12th April 1831 (Tuesday)

In the morning Jenyns was walking across Bottisham Park with a friend when they noticed a "bright green line that extended across it", this turned out to be the more luxuriant growth of grass than elsewhere on the sides of a "sheep path, owing, apparently to the additional quantity of manure which it received from the sheep constantly passing and repassing by that track".

17th April 1831 (Sunday)

He found the nest of a "long-tailed titmouse" about five foot up a red cedar it's curious shape was "about the size of a smallish melon, with a small hole in the side, through which the parent bird enters; constructed chiefly of mosses, wool, and dry grass, having the outside beautifully studded with lichens, and the inside thickly lined with a profusion of down and soft feathers. The nest contained ten eggs, about the size of a small bean, of a white colour, thinly sprinkled with rusty dots at the larger end".

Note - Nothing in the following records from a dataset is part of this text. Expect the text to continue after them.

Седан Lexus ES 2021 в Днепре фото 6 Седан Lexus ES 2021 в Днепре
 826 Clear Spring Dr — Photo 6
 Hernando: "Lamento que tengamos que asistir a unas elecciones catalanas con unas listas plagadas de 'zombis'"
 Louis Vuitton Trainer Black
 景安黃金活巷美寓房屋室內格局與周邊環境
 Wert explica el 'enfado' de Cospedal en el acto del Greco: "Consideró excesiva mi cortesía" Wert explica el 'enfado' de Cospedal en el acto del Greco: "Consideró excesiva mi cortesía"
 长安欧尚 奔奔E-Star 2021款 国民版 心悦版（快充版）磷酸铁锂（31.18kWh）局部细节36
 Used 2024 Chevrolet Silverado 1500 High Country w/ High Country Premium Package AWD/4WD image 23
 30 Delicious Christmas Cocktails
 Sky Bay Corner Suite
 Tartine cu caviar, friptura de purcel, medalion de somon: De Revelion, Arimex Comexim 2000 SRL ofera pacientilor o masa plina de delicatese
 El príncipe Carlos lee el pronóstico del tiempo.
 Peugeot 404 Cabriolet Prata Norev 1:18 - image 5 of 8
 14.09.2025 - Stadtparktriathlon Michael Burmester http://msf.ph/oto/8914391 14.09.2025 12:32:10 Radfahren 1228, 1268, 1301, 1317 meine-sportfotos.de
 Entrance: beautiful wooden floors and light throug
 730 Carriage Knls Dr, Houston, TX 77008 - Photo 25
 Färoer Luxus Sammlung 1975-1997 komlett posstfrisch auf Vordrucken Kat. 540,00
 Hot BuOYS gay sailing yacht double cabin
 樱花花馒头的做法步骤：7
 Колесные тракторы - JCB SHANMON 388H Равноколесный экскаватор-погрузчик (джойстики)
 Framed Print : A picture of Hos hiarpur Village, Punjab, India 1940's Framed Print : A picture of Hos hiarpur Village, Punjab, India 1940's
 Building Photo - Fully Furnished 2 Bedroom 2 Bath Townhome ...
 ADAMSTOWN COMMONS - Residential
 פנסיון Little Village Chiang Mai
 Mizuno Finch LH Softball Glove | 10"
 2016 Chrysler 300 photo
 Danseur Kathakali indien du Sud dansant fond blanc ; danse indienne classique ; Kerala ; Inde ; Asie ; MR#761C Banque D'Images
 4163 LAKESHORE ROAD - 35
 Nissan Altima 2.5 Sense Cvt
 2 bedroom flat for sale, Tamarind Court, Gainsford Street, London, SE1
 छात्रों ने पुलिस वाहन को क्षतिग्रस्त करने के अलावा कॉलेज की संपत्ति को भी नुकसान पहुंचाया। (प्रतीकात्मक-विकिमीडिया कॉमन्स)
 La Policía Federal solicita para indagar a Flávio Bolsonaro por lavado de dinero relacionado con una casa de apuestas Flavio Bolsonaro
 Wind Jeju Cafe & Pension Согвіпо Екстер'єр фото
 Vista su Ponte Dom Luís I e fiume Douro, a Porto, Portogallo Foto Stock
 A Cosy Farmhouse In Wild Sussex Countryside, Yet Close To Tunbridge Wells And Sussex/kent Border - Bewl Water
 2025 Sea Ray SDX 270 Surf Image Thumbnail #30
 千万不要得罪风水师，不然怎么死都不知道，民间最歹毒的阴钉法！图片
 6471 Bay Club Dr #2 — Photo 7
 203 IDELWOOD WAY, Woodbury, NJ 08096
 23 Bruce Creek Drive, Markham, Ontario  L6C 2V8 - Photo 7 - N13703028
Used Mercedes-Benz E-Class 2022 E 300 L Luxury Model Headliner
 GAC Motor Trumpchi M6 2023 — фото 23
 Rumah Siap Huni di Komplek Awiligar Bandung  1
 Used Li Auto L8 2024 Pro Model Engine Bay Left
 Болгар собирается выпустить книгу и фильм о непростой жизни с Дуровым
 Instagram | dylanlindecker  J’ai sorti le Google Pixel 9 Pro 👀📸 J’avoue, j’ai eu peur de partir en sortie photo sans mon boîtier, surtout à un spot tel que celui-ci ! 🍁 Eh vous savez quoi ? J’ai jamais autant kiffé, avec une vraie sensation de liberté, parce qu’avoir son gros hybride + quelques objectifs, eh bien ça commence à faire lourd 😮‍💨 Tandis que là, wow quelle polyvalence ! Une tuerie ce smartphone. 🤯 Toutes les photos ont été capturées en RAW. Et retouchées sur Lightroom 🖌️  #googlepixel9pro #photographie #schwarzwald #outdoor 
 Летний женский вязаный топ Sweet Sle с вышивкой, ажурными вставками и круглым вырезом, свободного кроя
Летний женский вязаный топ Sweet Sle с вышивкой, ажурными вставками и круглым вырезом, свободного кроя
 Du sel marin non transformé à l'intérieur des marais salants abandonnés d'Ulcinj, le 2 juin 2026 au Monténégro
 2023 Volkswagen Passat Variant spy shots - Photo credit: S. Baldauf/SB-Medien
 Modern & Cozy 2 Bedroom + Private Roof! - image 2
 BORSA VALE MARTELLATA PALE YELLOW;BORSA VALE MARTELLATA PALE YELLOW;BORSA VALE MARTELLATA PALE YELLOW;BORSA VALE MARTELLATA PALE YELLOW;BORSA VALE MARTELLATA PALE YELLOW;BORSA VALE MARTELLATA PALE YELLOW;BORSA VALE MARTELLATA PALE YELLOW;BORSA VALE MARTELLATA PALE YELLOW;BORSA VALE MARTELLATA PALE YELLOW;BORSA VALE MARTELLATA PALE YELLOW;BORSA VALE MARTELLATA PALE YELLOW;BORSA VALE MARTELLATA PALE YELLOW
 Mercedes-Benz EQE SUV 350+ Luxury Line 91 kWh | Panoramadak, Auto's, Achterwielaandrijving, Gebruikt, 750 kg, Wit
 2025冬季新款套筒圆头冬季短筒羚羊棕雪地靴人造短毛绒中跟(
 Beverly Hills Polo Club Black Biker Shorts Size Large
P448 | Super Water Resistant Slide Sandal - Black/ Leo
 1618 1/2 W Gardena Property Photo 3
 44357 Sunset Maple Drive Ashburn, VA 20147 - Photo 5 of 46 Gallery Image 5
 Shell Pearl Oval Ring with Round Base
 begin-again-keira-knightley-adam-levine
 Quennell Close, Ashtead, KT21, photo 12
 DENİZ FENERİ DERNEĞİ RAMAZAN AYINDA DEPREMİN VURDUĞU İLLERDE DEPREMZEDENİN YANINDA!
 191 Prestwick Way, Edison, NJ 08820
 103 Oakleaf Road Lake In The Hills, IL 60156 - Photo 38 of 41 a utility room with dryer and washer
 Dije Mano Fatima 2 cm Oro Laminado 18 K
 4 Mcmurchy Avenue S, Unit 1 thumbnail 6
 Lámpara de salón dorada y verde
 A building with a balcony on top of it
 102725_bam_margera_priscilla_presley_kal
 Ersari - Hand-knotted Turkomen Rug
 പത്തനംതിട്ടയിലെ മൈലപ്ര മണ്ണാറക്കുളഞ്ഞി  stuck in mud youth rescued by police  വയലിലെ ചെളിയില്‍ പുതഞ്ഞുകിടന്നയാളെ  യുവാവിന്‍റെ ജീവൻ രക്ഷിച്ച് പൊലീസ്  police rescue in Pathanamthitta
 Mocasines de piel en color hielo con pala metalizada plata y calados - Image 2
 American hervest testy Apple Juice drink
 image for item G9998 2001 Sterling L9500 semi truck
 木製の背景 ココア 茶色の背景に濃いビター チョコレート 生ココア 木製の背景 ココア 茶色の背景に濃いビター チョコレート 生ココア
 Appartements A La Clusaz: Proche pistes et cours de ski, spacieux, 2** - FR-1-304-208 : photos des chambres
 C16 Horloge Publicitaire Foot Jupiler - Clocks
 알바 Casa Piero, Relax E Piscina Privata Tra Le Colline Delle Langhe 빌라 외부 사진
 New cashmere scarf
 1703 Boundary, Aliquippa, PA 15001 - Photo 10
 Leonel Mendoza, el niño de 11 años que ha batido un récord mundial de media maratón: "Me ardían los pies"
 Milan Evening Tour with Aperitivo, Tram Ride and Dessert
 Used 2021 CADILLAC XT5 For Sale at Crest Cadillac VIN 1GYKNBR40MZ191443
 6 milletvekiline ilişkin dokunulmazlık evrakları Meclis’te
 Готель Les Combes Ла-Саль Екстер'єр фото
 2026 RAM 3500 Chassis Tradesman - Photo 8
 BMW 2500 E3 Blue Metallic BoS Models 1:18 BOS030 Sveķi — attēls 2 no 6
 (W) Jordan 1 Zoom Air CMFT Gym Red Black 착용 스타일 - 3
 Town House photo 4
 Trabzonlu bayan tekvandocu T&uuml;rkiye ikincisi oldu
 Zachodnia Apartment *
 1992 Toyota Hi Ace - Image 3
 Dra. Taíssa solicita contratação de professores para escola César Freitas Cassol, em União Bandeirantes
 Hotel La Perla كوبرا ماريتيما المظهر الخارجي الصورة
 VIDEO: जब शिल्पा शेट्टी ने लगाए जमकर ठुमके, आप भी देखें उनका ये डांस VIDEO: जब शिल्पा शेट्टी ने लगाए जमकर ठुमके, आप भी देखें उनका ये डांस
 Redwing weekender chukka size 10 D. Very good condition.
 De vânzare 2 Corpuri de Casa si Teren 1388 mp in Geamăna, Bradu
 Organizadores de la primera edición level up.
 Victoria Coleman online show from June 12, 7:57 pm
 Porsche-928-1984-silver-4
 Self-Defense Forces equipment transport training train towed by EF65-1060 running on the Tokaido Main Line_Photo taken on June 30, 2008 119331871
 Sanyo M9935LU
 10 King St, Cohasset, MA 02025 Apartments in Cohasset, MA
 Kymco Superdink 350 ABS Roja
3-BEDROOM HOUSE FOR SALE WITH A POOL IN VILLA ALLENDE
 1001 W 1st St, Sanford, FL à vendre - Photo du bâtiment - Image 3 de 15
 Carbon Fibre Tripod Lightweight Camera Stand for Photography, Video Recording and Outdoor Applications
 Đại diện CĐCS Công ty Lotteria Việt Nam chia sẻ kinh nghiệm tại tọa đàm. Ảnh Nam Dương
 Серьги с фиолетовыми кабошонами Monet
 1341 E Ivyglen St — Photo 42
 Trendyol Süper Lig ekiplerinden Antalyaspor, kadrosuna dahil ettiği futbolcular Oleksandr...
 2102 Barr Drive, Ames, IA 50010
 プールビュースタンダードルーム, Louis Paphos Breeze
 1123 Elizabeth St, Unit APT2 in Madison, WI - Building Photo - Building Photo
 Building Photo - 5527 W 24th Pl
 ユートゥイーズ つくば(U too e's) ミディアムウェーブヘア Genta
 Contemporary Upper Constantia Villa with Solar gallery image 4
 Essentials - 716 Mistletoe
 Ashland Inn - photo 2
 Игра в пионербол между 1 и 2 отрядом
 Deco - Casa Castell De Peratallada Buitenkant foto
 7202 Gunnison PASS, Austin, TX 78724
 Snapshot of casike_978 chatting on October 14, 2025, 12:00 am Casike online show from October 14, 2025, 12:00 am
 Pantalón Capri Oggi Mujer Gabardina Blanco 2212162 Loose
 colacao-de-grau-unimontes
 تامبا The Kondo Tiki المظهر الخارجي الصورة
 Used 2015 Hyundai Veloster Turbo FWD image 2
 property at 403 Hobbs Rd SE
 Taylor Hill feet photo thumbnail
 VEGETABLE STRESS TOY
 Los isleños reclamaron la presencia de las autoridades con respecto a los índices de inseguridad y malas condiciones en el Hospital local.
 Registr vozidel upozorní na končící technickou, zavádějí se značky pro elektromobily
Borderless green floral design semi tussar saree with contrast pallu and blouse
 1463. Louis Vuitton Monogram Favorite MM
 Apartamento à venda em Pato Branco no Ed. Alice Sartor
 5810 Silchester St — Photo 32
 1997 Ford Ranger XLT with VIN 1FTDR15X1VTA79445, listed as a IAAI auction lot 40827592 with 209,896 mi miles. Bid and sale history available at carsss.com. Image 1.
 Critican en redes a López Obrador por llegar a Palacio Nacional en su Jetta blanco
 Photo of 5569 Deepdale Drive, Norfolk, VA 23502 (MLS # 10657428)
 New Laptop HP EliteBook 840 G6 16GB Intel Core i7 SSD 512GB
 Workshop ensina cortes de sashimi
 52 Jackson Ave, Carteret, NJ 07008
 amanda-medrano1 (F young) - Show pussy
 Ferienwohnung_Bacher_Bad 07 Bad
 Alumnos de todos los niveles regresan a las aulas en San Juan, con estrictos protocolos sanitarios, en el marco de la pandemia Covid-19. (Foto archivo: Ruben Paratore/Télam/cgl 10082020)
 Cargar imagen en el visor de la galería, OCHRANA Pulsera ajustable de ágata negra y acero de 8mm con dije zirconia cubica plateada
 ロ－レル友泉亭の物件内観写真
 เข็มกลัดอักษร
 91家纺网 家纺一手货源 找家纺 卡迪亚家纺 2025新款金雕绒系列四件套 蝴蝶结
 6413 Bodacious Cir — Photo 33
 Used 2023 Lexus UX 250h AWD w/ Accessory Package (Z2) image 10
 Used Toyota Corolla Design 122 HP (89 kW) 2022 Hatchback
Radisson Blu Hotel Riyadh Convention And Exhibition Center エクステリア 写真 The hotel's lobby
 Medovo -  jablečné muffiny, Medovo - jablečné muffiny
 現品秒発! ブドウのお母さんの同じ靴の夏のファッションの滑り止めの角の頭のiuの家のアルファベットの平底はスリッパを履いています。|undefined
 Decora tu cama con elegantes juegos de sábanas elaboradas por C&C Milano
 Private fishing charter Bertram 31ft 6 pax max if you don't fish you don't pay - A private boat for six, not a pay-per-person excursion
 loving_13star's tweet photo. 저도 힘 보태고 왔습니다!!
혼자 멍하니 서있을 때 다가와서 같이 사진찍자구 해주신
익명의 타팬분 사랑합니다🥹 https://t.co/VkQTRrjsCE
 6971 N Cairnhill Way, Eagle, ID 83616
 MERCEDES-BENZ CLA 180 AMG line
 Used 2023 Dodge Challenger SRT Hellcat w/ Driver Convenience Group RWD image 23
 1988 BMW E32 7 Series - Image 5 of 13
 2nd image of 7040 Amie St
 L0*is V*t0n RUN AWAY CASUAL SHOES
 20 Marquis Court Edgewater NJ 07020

28th April 1831 (Thursday) )

From Darwin's letters to Caroline Darwin we learn that it was election time at Cambridge and that "Henslow is Lord Palmerston's right-hand man and he has no time for walks". Jenyns later wrote "Professor Henslow was originally a Conservative and a supporter of Lord Palmerston, who, for many years, was one of the members for the University. When Lord Palmerston changed his politics on the going out of the Wellington administration, after the accession of William IV., and joined the new reform ministry, [in 1828] Professor Henslow changed with him". In the 1831 election, Palmerston lost his seat because of his support for Parliamentary reform it being won by the Right Hon. H.Coulburn and William Yates Peel (Tory).

23rd May 1831 (Monday)

It was some time since George Wailes had last written to Jenyns from 13 Mosley Street, Newcastle and was apologetic for not having sent the shells for Jenyns's collection and eggs for the Philosophical Society and he had now looked out his duplicate insects though it was not, as Jenyns had mentioned in his last letter the "ill success in entomology last year" that had prevented him sending them but he had been "so much engaged in one thing and another". He also sent a box of shells "indebted to Mr Alder and I send you a copy of his observations there". Alder wanted to know more of the genus Cyclas and had asked for specimens.


Wailes also sent Sea Fowl eggs for the Museum and some insects for W.D.Fox of Cambridge "whom I presume you know" and asked for a specimen of the beetle that he had discovered (C.cerealis). "Our Natural History Soc. succeeded wonderfully, we have two enormous rooms 40 feet long quite full and still want more space. We expect to raise a large building this Autumn. The 1st Vol of its Transactions is nearly thro' the press and about 50 pages of the second is printed. It will contain our Flora and the Birds by Mr Selby are in the [2]d part of the 1st Vol."